简体   繁体   English

如何使用 jq 获取两个 JSON 数组的交集

[英]how to get the intersection of two JSON arrays using jq

Given arrays X and Y (preferably both as inputs, but otherwise, with one as input and the other hardcoded), how can I use jq to output the array containing all elements common to both?给定数组 X 和 Y(最好都作为输入,否则,一个作为输入,另一个硬编码),如何使用 jq 输出包含两者共有的所有元素的数组? eg what is a value of f such that例如,f 的值是多少,使得

echo '[1,2,3,4]' | jq 'f([2,4,6,8,10])'

would output会输出

[2,4]

? ?

I've tried the following:我尝试了以下方法:

map(select(in([2,4,6,8,10])))  --> outputs [1,2,3,4]
select(map(in([2,4,6,8,10])))  --> outputs [1,2,3,4,5]

A simple and quite fast (but somewhat naive) filter that probably does essentially what you want can be defined as follows:一个简单且相当快速(但有点幼稚)的过滤器可能基本上可以满足您的需求,可以定义如下:

   # x and y are arrays
   def intersection(x;y):
     ( (x|unique) + (y|unique) | sort) as $sorted
     | reduce range(1; $sorted|length) as $i
         ([]; if $sorted[$i] == $sorted[$i-1] then . + [$sorted[$i]] else . end) ;

If x is provided as input on STDIN, and y is provided in some other way (eg def y: ... ), then you could use this as: intersection(.;y)如果 x 在 STDIN 上作为输入提供,而 y 以其他方式提供(例如def y: ... ),那么您可以将其用作: intersection(.;y)

Other ways to provide two distinct arrays as input include:提供两个不同数组作为输入的其他方法包括:

  • using the --slurp option使用--slurp选项
  • using --arg av (or --argjson av if available in your jq)使用--arg av (或--argjson av如果在您的 jq 中可用)
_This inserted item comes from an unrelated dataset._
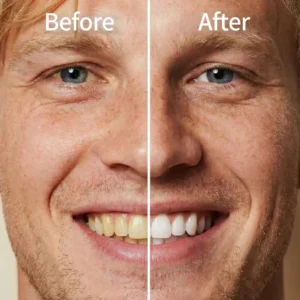 Smileasego™ — Instantly Whiter Smile🦷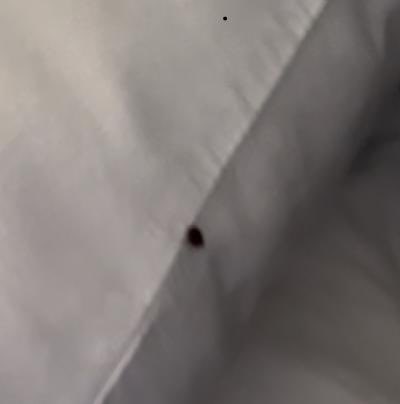 NikiTheStylist's tweet photo. had the worst experience checked in @bestwestern in Minden, La and it was infested with bed bugs and they had the nerve to ask me if the pillow was mine because it didn’t look like their bedding so I made them come check the room, and there will bed bugs everywhere! DISGUSTING! https://t.co/h3XnVy9Hgg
Here's a simpler but slower def that's nevertheless quite fast in practice:这是一个更简单但速度较慢的定义,但在实践中却相当快:

    def i(x;y):
       if (y|length) == 0 then []
       else (x|unique) as $x
       | $x - ($x - y)
       end ;

Here's a standalone filter for finding the intersection of arbitrarily many arrays:这是一个用于查找任意多个数组的交集的独立过滤器:

# Input: an array of arrays
def intersection:
  def i(y): ((unique + (y|unique)) | sort) as $sorted
  | reduce range(1; $sorted|length) as $i
       ([]; if $sorted[$i] == $sorted[$i-1] then . + [$sorted[$i]] else . end) ;
  reduce .[1:][] as $a (.[0]; i($a)) ;

Examples:例子:

[ [1,2,4], [2,4,5], [4,5,6]] #=> [4]
[[]]                         #=> []
[]                           #=> null

Of course if x and y are already known to be sorted and/or unique, more efficient solutions are possible.当然,如果已知xy已排序和/或唯一,则可能有更有效的解决方案。 See in particular Finite Sets of JSON Entities特别参见JSON 实体的有限集

Simple Explanation简单说明

These complexity of all these answers obscured understanding the principle.所有这些答案的复杂性掩盖了对原理的理解。 That's unfortunate because the principle is simple:这很不幸,因为原理很简单:

  • array1 minus array2 returns: array1 减去 array2 返回:
  • everything that's left in array1 array1 中剩下的所有内容
  • after removing everything that is in array2删除 array2 中的所有内容后
  • (and discarding the rest of array2) (并丢弃 array2 的其余部分)

Simple Demo简单演示

# From array1, subtract array2, leaving the remainder
$ jq --null-input '[1,2,3,4] - [2,4,6,8]'
[
  1,
  3
]

# Subtract the remainder from the original
$ jq --null-input '[1,2,3,4] - [1,3]'
[
  2,
  4
]

# Put it all together
$ jq --null-input '[1,2,3,4] - ([1,2,3,4] - [2,4,6,8])'
[
  2,
  4
]

comm Demo comm演示

def comm:
  (.[0] - (.[0] - .[1])) as $d |
    [.[0]-$d, .[1]-$d, $d]
;

With that understanding, I was able to imitate the behavior of the *nix comm command有了这种理解,我就能够模仿*nix comm命令的行为

With no options, produce three-column output.在没有选项的情况下,生成三列输出。 Column one contains lines unique to FILE1, column two contains lines unique to FILE2, and column three contains lines common to both files.第一列包含 FILE1 独有的行,第二列包含 FILE2 独有的行,第三列包含两个文件共有的行。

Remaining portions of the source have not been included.